Lecture : „Grands musiciens, grandes idylles” par Ádám Bősze

Lecture : „Grands musiciens, grandes idylles” par Ádám Bősze

BÁDÁM

Les auditeurs de la chaîne de radio classique hongroise, (Bartók rádió, équivalent de notre France Musique) le connaissent bien. Ádám Bősze y a de longues années durant animé de nombreuses émissions consacrées à nos compositeurs favoris, sans compter les présentations de concerts. Aujourd´hui retiré à son compte, Ádám Bősze sillonne le pays pour y donner des conférences, faisant toujours salles pleines. Sur des sujets aussi variés - parfois inédits - que „les Compositeurs devant la mort”, „Les voyages en musique” ou encore „Liaisons sentimentales”. C´est ce dernier thème qu´a retenu le conférencier pour sortir son premier ouvrage : intitulé „Grands musiciens, grandes idylles. Secrets d´alcôve” (publié en hongrois (1).). Pour ce premier essai, l´auteur a porté son choix sur dix noms (dont celui d´une femme) s´étalant de la Renaissance au XXème siècle. Choix volontairement limité pour ne pas alourdir l´ouvrage. De Gesualdo à Britten en passant par Haydn, Mozart, Beethoven, Schubert, Fanny Hensel (Mendelssohn), Wagner et Puccini. 

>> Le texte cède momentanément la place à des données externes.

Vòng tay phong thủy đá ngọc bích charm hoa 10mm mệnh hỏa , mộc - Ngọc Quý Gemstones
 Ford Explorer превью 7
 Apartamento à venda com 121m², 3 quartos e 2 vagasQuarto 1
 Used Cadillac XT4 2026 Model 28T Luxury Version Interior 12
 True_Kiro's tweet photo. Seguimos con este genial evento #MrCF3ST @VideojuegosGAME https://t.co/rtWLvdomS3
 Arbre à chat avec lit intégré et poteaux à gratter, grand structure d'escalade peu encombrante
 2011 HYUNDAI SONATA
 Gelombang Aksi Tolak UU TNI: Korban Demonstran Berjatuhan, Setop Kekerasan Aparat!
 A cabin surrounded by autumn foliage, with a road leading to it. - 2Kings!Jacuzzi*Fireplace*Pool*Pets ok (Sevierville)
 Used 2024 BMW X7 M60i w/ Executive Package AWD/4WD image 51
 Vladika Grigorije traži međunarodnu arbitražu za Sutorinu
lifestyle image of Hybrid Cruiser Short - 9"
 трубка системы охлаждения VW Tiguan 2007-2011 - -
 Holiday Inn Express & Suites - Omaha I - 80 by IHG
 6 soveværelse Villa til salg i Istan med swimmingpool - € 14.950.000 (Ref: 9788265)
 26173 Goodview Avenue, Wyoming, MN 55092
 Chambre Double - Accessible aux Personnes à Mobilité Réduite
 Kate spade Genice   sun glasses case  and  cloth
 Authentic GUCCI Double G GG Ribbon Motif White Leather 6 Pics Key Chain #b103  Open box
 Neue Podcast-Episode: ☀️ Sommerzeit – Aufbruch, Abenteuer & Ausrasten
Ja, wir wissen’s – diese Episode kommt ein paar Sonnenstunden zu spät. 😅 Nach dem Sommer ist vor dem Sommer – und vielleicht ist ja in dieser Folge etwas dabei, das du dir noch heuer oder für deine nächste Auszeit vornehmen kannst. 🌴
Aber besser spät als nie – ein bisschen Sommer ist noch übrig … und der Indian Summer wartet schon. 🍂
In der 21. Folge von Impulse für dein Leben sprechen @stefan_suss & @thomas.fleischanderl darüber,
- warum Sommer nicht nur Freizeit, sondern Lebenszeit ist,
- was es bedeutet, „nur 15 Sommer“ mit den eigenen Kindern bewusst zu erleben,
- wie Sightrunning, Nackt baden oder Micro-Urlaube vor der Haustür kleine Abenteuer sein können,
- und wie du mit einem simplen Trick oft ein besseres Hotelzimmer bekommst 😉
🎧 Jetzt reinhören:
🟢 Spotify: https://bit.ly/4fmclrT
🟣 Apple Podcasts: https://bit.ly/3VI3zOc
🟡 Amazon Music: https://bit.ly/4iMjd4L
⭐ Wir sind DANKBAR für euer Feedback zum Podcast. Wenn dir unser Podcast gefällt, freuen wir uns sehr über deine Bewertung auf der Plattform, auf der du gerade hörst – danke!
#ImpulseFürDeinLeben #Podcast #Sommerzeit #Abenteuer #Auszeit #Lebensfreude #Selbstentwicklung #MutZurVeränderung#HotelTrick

Si certains noms nous sont connus pour leurs relations conjugales ou de cœur, tel Beethoven et son „Immortelle bienaimée” ou encore Mozart et son épouse Constanze, d´autres le sont moins. Au demeurant pas toujours – contrairement au titre – sous la forme d´une idylle. Tel Haydn qui dut souffrir d´une épouse acariâtre – mais ne manqua de se consoler dans d´autres bras plus accueillants….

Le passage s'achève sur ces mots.